The computational and data demands of science have evolved with new science drivers and modeling scales. Traditionally, NCAR and CISL have addressed user demands by deploying more powerful next-generation computing and storage architectures. However, recent technical innovations coupled with unprecedented technical challenges, emergence of big data, use of ML/DL to accelerate scientific research, elevated power and cooling costs, and other challenges have necessitated the need for CISL and HSS to partner with technology developers and vendors to facilitate the development of node and system architecture complemented by a storage and software environment that is better suited to atmospheric and related science workflows, data analysis, and visualization.

The HPFL is designed to provide strategic opportunities for NCAR staff and collaborators to gain valuable experience with emerging hardware and software technologies. CISL also uses it to evaluate and mitigate risks arising from new technologies. The HPFL provides a ready-to-use environment where new technologies can be deployed and tested by system administrators, consulting staff, and computational scientists. Current research is studying areas such as heterogeneous architectures, GPGPUs, coprocessors, resource managers, job schedulers, Message Passing Interface (MPI) software, benchmarks, performance tuning, file systems, and a variety of computation- and I/O-intensive applications.

New HPC and storage technologies such as high-performance stacked and non-volatile memory, and hybrid solid-state and non-volatile disk technologies are rapidly transforming the HPC and storage landscape. Such technologies are poised to transform system architectures by introducing additional layers of memory, a hierarchy of I/O devices, as well as tighter integration of those technologies with computing elements. CISL is using the HPFL and vendor partnerships -- such as the SGI-NCAR Joint Center of Excellence and the Intel Parallel Computing Center -- to learn how to apply these technologies effectively in atmospheric and geoscience applications and to meet the data requirements of future systems and applications.

CISL continued operating and enhancing the HPFL during FY2017. By year end, the HPFL contained many new additional test platforms and concepts. Additionally, CISL added an I/O component to the HPFL that is focused on storage futures, I/O optimization, and better data-hosting services. This component included SSD technology, Data Direct Networks (DDN) storage systems, and a test environment for new HPSS releases with HPSS on Linux and rolling upgrades to the NCAR HPSS archive.

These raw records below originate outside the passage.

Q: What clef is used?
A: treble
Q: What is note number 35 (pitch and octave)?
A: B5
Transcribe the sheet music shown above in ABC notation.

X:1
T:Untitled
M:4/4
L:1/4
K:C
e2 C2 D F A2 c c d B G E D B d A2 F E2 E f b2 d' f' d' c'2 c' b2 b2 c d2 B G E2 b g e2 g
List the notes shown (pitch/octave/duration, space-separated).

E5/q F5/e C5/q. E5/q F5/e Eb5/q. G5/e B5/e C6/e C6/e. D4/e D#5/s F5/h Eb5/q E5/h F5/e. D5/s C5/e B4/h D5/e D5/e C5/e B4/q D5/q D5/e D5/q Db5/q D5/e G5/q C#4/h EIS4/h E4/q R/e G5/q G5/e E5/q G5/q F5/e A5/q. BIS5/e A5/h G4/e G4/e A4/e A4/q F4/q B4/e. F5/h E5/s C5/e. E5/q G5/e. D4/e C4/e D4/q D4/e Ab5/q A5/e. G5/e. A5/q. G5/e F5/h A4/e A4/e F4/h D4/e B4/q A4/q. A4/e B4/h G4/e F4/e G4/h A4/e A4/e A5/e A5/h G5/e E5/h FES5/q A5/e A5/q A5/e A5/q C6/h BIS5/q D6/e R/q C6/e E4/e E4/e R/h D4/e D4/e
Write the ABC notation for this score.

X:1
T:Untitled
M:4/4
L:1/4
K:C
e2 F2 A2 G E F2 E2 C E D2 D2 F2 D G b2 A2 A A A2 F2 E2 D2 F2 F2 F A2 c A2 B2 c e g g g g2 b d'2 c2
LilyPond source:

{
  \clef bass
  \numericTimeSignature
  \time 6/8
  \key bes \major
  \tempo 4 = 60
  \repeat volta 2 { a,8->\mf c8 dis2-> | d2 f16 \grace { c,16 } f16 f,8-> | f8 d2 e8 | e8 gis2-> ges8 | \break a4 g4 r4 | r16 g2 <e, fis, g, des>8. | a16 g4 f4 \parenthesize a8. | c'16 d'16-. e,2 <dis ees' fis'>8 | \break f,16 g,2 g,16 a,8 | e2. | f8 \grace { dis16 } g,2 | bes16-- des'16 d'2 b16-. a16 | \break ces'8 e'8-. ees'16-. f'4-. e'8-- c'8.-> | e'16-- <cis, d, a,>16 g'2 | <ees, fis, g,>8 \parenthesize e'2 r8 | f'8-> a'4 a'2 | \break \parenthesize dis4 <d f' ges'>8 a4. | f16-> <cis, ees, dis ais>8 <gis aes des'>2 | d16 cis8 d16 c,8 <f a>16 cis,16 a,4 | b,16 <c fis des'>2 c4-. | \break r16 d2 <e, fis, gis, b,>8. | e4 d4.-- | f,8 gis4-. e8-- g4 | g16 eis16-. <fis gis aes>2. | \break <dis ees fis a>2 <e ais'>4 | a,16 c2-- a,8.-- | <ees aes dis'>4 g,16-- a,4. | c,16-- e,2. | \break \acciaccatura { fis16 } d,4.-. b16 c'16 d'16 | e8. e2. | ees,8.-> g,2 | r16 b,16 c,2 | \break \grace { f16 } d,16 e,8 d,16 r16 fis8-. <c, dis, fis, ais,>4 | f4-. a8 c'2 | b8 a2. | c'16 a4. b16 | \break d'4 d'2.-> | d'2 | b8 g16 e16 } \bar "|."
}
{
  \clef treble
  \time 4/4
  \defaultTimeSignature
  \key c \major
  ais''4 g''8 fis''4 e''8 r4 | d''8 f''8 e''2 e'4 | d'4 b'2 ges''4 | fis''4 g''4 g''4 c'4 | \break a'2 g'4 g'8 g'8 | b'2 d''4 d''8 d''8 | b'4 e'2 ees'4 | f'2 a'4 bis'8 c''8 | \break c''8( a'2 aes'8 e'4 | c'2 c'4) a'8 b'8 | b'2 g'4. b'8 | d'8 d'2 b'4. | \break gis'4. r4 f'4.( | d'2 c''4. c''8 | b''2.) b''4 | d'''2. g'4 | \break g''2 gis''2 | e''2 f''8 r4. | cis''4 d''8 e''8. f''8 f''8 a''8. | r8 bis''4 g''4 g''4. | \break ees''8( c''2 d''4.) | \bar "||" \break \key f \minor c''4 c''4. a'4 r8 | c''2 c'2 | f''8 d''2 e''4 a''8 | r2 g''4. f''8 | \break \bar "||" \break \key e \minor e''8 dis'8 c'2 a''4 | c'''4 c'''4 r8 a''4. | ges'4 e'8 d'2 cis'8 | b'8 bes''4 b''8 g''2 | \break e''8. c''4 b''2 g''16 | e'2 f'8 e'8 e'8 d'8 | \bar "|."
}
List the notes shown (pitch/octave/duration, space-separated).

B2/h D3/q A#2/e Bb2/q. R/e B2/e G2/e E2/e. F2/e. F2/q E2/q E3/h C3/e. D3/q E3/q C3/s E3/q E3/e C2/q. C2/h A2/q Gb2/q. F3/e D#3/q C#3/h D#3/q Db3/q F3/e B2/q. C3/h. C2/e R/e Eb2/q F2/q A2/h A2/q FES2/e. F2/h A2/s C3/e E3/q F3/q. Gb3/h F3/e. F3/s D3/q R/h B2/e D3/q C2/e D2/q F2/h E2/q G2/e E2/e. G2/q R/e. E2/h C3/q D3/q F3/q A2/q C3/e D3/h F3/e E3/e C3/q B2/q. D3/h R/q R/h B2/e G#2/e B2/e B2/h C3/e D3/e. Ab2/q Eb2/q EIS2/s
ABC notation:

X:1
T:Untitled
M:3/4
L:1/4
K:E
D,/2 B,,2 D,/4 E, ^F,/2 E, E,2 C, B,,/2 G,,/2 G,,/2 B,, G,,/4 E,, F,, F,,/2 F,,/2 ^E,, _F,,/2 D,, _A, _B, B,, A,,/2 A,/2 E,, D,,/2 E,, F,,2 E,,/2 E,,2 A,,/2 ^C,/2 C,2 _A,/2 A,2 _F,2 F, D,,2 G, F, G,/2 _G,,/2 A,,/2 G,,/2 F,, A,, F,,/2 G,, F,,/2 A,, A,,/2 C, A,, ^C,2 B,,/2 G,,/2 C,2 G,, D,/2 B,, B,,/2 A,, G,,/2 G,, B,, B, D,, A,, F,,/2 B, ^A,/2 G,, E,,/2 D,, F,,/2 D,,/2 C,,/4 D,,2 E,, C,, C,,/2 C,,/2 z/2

HPFL software evaluation activities in FY2017 included testing operating systems and their management (Salt, CentOS), resource managers (SLURM, PBS Professional), MPI implementations (Intel MPI, OpenMPI, MPICH-3, and MVAPICH), containers (Docker), the Spectrum Scale (formerly GPFS) and Lustre parallel file systems, DDN’s Infinite Memory Engine (IME), and an HPSS test environment. We also started exploring strategies that involve in-memory technology or on-flash residency of data to speed up data analysis and post processing activities. These are being developed to rapidly ingest, analyze, and filter data on the fly before the data is ready to be shared or used for further analysis and collaboration. We are also preparing for the possibility and potential use of artificial intelligence involving machine learning (ML) and deep learning (DL).

During 2017, progress was made in building a complete I/O test environment. Configuration management systems are in place, and quick-build procedures for node deployment have been developed. Storage systems to support parallel file system research (Lustre, Spectrum Scale), distributed file system research (Ceph, BeeGFS, OrangeFS), and cloud infrastructures (OpenStack) have been configured. In addition, a small compute cluster is being configured to drive I/O tests. Additional equipment for I/O network research was also purchased and installed. A Mellanox InfiniBand router was added along with a Mellanox 100-Gb Ethernet switch. These network components will allow for further test and evaluation of high-bandwidth, low-latency networks specifically designed for I/O workloads. The InfinBand router is particularly important for evolving data network designs. New tape drive technology -- LTO, which represents the next generation of technology for archival systems -- has been acquired for investigation in the HPFL.

CISL’s HPFL is made possible by NSF Core funds and through partnerships with and equipment donations from leading HPC and storage vendors.